+++ MATERIAL PROVIDED +++

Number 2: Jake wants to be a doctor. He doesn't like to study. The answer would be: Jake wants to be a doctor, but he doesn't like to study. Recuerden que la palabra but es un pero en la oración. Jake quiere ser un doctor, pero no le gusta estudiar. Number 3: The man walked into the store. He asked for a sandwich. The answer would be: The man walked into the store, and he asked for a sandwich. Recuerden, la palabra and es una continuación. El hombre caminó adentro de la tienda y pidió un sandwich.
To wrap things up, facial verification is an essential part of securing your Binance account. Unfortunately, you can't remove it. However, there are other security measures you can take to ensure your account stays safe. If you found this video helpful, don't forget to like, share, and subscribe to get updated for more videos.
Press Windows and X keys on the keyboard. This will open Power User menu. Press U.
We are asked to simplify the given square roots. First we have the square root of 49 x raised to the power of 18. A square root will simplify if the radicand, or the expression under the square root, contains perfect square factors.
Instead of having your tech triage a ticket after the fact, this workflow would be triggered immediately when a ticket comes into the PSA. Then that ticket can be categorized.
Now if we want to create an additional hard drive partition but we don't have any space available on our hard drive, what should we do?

+++
+++ MATERIAL PROVIDED +++

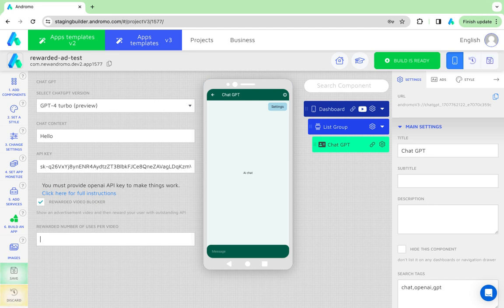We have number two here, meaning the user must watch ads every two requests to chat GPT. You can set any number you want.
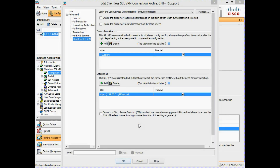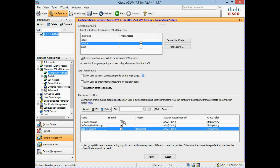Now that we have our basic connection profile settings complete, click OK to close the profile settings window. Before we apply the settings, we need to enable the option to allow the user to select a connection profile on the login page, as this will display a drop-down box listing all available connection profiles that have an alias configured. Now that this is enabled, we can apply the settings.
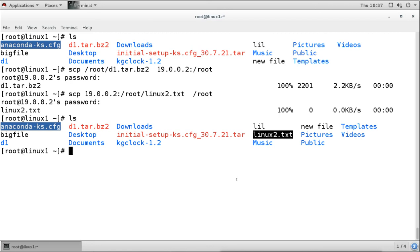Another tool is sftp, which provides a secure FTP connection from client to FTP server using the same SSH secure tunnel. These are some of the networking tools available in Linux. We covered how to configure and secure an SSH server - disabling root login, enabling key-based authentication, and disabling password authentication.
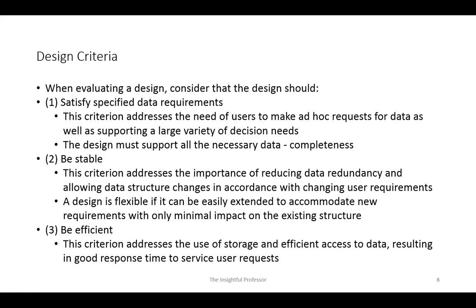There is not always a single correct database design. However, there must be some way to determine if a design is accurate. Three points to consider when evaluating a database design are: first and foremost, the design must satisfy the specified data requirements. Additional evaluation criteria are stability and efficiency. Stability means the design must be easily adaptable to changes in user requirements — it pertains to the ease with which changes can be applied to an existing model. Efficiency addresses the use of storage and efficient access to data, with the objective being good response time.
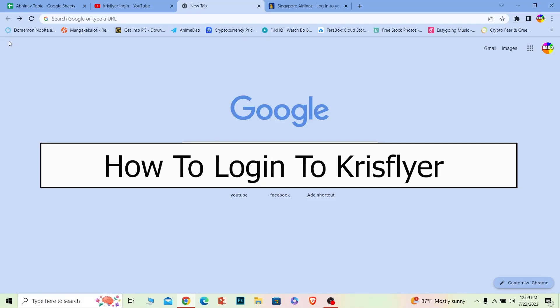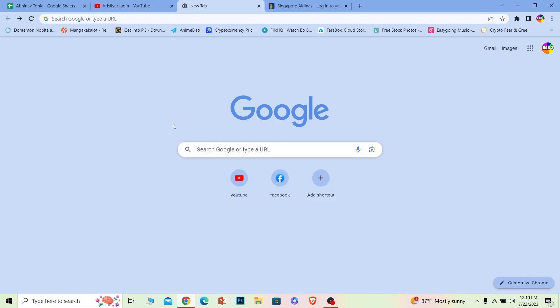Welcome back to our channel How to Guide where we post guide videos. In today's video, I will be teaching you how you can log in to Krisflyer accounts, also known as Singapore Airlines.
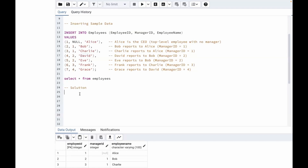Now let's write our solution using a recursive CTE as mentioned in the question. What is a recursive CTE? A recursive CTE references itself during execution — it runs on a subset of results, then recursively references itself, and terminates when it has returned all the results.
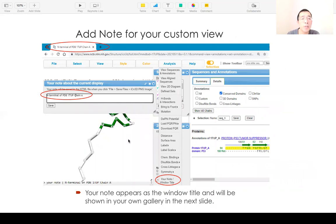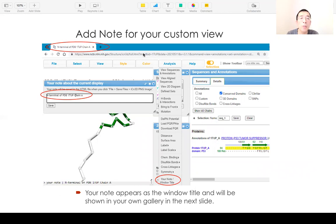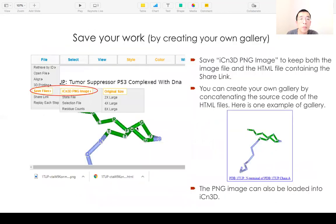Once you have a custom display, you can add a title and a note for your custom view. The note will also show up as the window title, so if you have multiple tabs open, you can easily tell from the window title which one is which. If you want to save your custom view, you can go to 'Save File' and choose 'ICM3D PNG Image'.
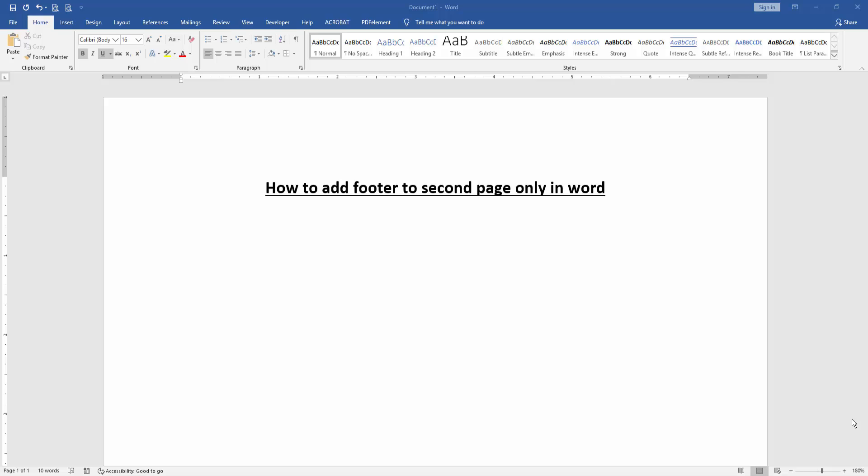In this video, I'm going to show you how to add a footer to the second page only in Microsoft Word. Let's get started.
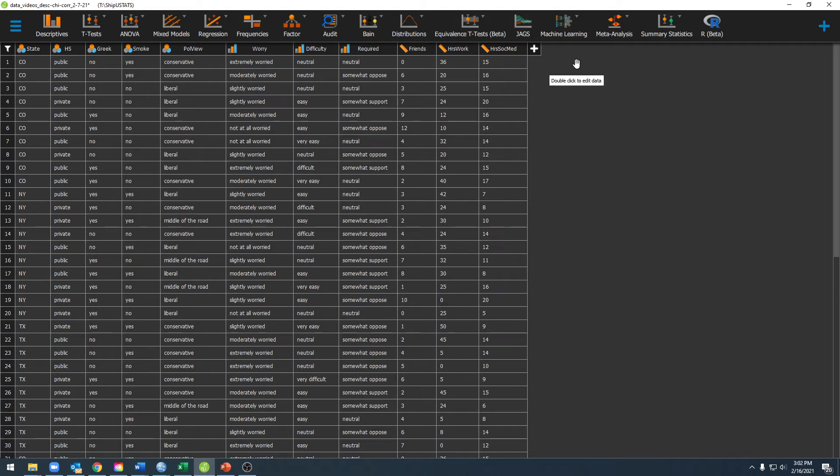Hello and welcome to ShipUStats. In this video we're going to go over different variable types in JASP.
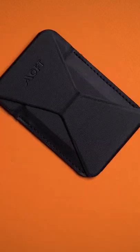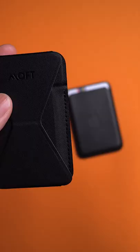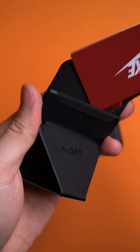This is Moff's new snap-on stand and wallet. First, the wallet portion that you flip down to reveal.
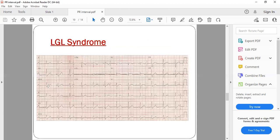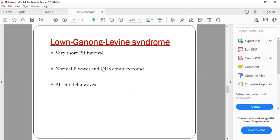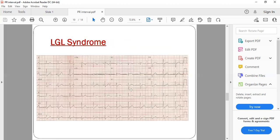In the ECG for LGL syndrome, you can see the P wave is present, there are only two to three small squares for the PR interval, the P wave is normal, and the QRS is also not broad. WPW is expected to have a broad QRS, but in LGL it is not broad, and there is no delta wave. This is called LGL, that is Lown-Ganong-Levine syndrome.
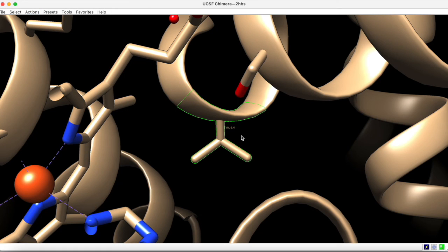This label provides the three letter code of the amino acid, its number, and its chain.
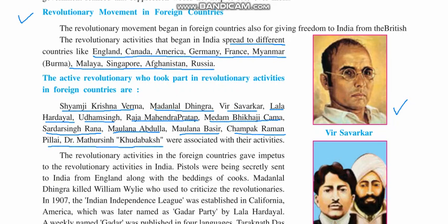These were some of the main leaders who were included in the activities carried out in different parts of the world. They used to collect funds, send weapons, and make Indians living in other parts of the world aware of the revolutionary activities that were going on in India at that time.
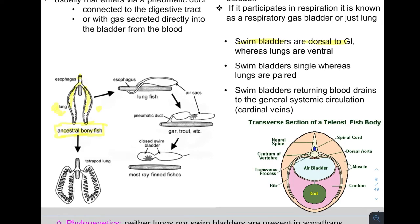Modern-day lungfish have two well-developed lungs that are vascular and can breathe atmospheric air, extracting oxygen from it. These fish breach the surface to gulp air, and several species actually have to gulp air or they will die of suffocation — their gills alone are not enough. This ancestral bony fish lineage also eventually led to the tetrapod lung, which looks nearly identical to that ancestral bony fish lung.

+++

# PROBLEM DETAILS
With the pictures omitted, copy the entries above exactly from the line containing "In the ECG for" through the line containing "These were some", both lines included.

# SOLUTION FOR THIS PROBLEM
In the ECG for LGL syndrome, you can see the P wave is present, there are only two to three small squares for the PR interval, the P wave is normal, and the QRS is also not broad. WPW is expected to have a broad QRS, but in LGL it is not broad, and there is no delta wave. This is called LGL, that is Lown-Ganong-Levine syndrome.
This label provides the three letter code of the amino acid, its number, and its chain.
These were some of the main leaders who were included in the activities carried out in different parts of the world. They used to collect funds, send weapons, and make Indians living in other parts of the world aware of the revolutionary activities that were going on in India at that time.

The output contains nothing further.